「雨の夜にだけ会いましょう」
「定期的に集まろうぜ」と言い出した飲み会は二回目が開催されない。
仕事も遊びの約束も、数週間先の予定を詰められるとなんだか心が重くなる。
「もっと雑で、ちょうどいいこと」を求めて、無責任な願望を言葉にしてみるカツセマサヒコの妄想コラム連載です。
「 第四夜 作りすぎてしまう隣人 」
あまりの暑さに、どうかしていたんだと思います。その日は曇り空なのに気温だけが上がり続けていて、もう心身ともに疲れ果てていた私は、どうしたことか、ネカフェで仕事をしようと思い立ったのでした。
新宿駅近くで電源とWifiが完備されているカフェなんて大概はオシャレぶってて背筋を伸ばしていないといけないし、それに比べてネカフェだったら人目も気にせず昼寝もできる。ドリンクだって飲み放題だろうから、圧倒的にコスパがいいのはネカフェだ。間違いないと思ったのです。
しかし、かれこれ三時間ほど新宿西口のネットカフェで仕事をしてみたものの、これが自分にはどうにも合わなかった。なんだか、魂のランクが下がっていくような、悲しい気持ちがどこからともなく湧いてくるのであります。部屋に備え付けのPC画面にはセクシーな服を着た女性の写真と共に「高収入バイト」なんて書かれていたり、その隣には「ネカフェで婚活」なんて文字まで見えたりします。それらのバナーは新宿の街並みよりもうるさく、まさに“人間の欲望、全部”といった感じがして、画面の前にいるだけでひどく疲れてくるのでした。

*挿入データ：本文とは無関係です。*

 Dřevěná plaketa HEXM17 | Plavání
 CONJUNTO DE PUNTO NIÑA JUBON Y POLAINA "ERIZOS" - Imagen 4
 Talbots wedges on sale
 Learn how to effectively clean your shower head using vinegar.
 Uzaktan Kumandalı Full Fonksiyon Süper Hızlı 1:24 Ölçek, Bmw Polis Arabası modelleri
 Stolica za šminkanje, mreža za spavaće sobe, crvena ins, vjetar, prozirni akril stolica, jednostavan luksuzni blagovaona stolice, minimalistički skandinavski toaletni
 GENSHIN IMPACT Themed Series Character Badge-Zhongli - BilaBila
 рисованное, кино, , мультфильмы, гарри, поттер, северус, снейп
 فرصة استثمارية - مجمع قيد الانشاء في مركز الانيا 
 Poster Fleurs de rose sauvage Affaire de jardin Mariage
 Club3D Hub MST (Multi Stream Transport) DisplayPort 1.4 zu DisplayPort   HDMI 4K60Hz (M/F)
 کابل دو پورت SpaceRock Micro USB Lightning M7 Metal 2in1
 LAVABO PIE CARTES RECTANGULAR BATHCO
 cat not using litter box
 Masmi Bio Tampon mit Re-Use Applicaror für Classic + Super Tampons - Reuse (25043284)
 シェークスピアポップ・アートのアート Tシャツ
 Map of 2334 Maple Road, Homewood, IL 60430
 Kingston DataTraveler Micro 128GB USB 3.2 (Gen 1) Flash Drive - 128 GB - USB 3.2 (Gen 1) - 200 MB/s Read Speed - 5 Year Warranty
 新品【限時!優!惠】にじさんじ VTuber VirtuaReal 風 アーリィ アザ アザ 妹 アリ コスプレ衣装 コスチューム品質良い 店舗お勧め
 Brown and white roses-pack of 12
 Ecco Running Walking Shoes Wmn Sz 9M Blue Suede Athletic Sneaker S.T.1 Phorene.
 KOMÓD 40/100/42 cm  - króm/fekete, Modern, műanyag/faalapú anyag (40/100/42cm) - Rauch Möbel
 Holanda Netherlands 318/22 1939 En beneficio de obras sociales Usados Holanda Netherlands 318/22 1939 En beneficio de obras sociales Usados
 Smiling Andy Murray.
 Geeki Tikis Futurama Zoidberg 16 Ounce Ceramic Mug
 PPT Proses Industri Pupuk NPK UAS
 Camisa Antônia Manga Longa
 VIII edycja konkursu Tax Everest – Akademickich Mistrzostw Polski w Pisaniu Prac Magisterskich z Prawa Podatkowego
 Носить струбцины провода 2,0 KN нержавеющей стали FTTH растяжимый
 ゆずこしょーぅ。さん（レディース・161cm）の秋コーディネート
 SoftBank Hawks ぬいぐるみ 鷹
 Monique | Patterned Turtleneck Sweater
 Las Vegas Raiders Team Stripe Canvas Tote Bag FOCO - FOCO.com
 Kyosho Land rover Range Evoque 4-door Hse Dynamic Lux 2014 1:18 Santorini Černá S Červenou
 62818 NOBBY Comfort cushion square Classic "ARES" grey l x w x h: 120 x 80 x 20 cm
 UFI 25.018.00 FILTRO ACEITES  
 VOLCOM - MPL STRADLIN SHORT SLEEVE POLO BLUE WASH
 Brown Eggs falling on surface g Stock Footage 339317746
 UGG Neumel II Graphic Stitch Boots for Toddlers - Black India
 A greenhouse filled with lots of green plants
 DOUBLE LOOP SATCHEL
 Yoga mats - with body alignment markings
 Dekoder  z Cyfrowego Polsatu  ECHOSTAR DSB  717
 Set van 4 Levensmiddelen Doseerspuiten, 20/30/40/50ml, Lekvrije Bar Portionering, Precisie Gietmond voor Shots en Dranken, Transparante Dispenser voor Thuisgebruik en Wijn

こんなことなら、まっすぐ家に帰って、自宅で仕事をすればよかった。
後悔しながら揺られる小田急線。こんな時に救ってくれるのは、やはり妄想くらいしかないのです。意識を現実から遠く飛ばして、この世になんか戻れなくなればいい。そんな物騒なことまで考えながら、「なろう系」もびっくりするほど自分に都合のいい展開を考え始めます。
たとえば、作りすぎてしまう隣人がいてほしい。
主にフィクションの世界において、主人公がアパートや賃貸マンションに住んでいると一定の確率で出現する「カレーを作りすぎてしまって……」とお裾分けをしてくる超絶美人の隣人。あの、何かと作りすぎてしまう分量を測るのが下手すぎる隣人がいたら、人生は今よりもっと豊かになると思うのです。
その日は、最寄りのコンビニで店長の誤発注が発覚し、一生分のストロングゼロが溢れんばかりに店頭に売られていた日でありました(あ、妄想、すでに始まってますよ)。近所に住むお客さんは心優しい人が多く、「こんなにストゼロがあったんじゃあ大変だ」と、一人10本以上のまとめ買いを積極的に行い、レジ袋をストロングゼロでパンパンにして帰っていく姿が後を断ちませんでした。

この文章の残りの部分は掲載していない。